Pre-Schism Orthodox Western Saints
13th October (NS) — 30th September (OS) 2019
ANTONINUS of PIACENZA, (Third Century), a soldier martyred near Piacenza in Emilia-Romagna in present-day Italy. There are sources which claim he was a soldier of the Theban Legion (22nd September), though this theory doesn’t show up until several centuries after his martyrdom, nor is it mentioned in Martyrologium Hieronymianum, or any other contemporary Lives. St. Antoninus is the patron saint of Piacenza, and namesake of the Basilica of Sant'Antonino in Piacenza. A phial of blood said to be his, has been known to miraculously liquefy like that of St. Januarius of Naples (19th September). St. Antoninus has been sometimes confused with the sixth century pilgrim to the Holy Land and author of an Itinerarium (on that journey known as Antoninus of Piacenza, or the Anonymous Pilgrim of Piacenza.
ENGHENEDL of ANGLESEY, (Seventh Century), a church in Anglesey (Ynys Môn), Wales is dedicated to this native Welsh saint. There is no further information on him extant.

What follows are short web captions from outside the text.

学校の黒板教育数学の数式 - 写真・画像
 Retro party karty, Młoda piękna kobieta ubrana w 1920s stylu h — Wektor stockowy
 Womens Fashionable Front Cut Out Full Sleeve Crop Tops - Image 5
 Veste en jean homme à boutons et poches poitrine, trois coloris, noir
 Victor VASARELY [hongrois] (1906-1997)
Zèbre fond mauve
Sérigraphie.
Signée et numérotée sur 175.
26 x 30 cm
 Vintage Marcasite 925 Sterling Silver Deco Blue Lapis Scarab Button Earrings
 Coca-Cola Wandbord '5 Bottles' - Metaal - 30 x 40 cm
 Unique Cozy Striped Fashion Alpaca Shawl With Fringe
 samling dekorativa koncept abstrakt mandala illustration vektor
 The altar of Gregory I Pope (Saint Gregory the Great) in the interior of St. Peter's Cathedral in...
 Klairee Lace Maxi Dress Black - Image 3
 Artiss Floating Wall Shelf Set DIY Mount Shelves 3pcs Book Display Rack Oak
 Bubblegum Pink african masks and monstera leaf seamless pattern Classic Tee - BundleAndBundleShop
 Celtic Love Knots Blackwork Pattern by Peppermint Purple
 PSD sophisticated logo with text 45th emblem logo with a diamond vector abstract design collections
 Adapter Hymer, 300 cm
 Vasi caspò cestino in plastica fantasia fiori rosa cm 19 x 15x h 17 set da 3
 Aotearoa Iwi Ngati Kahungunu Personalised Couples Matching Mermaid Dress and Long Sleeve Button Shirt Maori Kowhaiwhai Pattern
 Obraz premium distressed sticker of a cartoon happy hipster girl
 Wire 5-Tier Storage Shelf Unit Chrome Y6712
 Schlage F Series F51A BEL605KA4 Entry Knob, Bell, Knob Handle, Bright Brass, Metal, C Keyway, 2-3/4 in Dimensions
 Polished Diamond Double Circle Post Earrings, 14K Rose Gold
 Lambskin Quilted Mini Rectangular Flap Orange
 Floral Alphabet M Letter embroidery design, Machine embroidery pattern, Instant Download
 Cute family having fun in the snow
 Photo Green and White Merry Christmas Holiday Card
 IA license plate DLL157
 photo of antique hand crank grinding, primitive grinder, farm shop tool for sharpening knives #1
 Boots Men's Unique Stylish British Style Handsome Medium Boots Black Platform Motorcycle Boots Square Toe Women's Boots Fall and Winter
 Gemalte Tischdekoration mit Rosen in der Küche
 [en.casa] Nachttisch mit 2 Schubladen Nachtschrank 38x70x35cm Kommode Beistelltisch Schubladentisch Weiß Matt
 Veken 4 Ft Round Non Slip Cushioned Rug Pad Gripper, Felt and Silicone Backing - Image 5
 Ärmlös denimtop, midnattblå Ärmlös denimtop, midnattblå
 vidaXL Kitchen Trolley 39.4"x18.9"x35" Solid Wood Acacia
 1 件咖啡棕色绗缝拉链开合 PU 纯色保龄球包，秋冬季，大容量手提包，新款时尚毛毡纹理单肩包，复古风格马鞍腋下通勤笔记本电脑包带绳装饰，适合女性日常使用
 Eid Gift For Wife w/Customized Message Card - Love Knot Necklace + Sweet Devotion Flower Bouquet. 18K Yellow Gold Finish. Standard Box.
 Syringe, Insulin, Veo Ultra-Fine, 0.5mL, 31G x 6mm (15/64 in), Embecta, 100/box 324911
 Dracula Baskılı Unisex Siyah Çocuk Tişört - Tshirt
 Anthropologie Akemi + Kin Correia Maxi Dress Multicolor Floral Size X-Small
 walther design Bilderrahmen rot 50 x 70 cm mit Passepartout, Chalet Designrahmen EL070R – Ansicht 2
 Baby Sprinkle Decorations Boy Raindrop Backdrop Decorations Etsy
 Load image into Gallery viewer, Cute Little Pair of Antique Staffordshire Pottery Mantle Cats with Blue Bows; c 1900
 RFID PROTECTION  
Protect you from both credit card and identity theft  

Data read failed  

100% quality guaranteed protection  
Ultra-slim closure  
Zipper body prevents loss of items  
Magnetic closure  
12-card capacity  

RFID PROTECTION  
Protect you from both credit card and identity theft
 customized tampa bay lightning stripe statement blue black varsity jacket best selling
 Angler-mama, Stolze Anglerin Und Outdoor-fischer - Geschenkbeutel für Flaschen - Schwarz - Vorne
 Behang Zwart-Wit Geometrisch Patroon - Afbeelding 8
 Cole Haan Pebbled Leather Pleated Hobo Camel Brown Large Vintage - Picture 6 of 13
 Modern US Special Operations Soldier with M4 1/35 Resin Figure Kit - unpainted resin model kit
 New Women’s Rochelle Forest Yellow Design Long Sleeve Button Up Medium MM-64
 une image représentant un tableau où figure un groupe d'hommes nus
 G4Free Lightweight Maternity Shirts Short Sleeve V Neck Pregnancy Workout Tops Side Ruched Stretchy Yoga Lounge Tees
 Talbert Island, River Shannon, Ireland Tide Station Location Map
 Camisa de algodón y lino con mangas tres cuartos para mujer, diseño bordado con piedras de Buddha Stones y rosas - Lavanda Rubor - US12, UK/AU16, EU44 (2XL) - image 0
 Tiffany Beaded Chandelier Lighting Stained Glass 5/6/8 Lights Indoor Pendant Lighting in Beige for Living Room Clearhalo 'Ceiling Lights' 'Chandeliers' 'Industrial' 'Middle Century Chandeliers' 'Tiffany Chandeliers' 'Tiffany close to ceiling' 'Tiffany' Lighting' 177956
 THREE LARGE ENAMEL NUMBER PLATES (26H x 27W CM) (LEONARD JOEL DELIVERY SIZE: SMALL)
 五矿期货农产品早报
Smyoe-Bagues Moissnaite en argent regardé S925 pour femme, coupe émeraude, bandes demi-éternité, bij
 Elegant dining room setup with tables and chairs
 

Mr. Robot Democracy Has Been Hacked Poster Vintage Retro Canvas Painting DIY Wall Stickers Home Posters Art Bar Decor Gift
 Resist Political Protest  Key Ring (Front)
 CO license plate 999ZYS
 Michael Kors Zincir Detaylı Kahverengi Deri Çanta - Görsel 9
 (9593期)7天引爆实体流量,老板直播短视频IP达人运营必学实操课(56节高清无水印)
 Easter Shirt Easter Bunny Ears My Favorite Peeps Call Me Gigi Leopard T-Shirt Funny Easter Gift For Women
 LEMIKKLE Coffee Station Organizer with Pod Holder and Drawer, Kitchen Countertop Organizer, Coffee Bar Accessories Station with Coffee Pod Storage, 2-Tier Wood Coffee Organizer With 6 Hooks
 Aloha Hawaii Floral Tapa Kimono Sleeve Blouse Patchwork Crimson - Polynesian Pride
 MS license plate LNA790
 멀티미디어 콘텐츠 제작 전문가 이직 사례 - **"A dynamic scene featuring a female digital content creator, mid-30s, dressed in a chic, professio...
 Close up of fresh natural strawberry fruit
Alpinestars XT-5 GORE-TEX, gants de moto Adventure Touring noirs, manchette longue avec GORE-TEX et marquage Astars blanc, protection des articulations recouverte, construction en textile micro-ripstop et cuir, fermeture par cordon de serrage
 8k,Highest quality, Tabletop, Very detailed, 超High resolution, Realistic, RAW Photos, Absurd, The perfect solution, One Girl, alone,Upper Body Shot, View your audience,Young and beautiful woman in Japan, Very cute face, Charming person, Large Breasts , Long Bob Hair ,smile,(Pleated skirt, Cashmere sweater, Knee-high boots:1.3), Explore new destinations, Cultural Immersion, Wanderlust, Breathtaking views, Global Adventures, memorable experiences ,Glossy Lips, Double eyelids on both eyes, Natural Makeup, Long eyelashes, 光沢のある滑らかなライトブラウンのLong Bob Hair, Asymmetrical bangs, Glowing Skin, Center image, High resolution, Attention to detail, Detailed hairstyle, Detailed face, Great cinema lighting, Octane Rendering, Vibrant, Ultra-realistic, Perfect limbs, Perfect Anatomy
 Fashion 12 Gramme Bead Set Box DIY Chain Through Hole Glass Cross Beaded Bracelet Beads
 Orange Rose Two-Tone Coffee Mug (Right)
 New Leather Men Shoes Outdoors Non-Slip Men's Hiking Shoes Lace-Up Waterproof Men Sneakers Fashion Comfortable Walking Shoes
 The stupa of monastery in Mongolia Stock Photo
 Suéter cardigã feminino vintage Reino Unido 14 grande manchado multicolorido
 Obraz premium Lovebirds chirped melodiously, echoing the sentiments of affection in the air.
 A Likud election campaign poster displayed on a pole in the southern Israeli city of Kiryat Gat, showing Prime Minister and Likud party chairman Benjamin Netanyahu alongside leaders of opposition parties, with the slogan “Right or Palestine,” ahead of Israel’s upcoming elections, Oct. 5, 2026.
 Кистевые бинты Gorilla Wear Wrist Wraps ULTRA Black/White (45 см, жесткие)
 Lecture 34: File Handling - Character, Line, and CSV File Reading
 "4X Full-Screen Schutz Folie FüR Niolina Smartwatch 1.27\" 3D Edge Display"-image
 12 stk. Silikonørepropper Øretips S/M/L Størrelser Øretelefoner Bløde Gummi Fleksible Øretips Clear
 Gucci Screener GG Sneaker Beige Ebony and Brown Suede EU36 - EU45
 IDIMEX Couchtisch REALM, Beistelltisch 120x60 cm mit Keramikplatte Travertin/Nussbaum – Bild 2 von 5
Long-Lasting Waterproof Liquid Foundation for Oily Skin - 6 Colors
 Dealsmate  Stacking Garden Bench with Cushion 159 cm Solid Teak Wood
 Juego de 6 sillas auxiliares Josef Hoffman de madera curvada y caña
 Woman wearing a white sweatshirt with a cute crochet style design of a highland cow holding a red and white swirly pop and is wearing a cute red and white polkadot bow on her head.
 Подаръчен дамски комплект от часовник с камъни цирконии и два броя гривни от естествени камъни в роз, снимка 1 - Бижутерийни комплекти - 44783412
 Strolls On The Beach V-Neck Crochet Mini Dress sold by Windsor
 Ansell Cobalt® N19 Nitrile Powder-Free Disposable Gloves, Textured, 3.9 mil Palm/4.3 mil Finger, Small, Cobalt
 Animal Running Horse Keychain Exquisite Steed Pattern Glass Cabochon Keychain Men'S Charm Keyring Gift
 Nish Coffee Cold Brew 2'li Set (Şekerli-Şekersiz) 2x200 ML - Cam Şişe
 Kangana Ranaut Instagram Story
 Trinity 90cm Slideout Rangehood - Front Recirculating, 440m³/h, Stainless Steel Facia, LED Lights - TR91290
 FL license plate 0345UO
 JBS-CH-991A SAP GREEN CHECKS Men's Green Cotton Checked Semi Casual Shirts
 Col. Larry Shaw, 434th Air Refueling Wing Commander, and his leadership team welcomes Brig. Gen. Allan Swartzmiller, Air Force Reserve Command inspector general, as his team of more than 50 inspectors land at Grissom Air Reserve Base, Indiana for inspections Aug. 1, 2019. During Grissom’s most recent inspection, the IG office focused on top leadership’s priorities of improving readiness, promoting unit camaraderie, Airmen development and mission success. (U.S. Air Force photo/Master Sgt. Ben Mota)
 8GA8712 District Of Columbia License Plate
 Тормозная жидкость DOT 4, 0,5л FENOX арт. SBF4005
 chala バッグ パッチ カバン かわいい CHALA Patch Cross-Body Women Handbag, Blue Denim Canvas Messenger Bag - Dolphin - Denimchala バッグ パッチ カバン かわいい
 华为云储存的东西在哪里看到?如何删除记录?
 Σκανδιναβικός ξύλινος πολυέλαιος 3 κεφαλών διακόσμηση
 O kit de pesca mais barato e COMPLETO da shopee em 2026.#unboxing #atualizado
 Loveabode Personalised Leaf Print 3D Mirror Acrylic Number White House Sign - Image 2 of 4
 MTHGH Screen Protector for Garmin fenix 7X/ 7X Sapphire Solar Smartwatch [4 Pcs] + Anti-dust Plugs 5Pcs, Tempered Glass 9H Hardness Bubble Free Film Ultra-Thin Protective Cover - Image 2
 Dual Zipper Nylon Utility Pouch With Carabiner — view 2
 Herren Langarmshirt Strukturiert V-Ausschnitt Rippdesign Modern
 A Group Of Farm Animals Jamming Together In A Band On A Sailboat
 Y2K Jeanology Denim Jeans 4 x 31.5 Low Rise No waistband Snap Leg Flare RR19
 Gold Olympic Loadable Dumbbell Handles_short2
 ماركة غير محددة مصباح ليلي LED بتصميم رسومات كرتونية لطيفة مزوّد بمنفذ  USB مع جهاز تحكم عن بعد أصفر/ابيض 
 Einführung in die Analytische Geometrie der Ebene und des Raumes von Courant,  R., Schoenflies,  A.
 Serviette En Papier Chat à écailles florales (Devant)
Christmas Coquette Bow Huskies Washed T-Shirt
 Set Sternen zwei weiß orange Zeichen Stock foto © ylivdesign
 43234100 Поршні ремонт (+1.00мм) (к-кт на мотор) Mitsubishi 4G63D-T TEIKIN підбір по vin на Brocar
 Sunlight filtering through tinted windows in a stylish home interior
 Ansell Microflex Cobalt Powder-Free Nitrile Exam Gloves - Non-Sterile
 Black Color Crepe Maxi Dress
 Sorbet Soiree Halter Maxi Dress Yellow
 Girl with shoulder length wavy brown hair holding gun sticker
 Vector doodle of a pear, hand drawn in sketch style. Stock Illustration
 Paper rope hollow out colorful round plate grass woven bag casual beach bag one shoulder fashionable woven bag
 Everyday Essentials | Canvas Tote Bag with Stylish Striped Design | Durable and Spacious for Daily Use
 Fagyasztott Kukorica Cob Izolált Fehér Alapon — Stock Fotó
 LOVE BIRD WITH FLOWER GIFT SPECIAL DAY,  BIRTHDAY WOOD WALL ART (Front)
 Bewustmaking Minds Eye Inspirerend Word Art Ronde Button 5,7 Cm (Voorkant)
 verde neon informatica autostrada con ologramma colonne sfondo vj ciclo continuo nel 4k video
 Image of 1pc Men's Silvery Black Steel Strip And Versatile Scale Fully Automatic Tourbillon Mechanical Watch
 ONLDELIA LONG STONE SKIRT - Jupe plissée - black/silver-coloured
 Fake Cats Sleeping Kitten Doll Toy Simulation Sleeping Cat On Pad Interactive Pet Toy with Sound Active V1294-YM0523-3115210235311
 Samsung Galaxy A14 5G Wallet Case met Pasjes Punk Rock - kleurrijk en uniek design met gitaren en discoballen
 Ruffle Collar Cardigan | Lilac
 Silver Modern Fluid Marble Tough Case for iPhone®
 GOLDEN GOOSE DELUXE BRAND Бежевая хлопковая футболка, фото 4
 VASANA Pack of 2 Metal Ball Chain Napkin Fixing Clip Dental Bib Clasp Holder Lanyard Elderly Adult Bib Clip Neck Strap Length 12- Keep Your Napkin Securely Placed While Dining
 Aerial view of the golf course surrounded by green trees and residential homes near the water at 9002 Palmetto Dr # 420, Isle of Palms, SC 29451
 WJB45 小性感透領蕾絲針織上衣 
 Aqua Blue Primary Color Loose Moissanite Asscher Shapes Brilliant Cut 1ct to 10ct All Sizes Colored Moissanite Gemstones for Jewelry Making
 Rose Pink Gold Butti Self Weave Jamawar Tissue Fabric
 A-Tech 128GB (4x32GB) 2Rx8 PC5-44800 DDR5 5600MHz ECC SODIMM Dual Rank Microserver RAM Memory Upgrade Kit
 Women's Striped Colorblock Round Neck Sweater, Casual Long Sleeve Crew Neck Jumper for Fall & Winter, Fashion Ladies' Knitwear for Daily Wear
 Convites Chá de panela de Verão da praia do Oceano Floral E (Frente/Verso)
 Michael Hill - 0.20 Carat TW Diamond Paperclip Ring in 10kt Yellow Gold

HONORIUS of CANTERBURY, St. Honorius was a monk at the monastery of St. Gregory the Dialogist (3rd September) in his native Rome when he was selected to be a member of St. Augustine of Canterbury’s (27th May) mission to the Anglo-Saxons. St. Honorius succeeded St. Justus of Canterbury (10th November) as the fifth Archbishop of Canterbury. As Archbishop, he consecrated St. Ithamar of Rochester (10th June), the first native English bishop, for the See of Rochester. St. Honorius reposed in 653, the last of the Gregorian missionaries. He was buried in the west porch of the monastery of SS. Peter and Paul (later St Augustine's) in Canterbury. His relics were translated in 1091 to a new tomb, and at about this time a Life was written by Goscelin of Canterbury.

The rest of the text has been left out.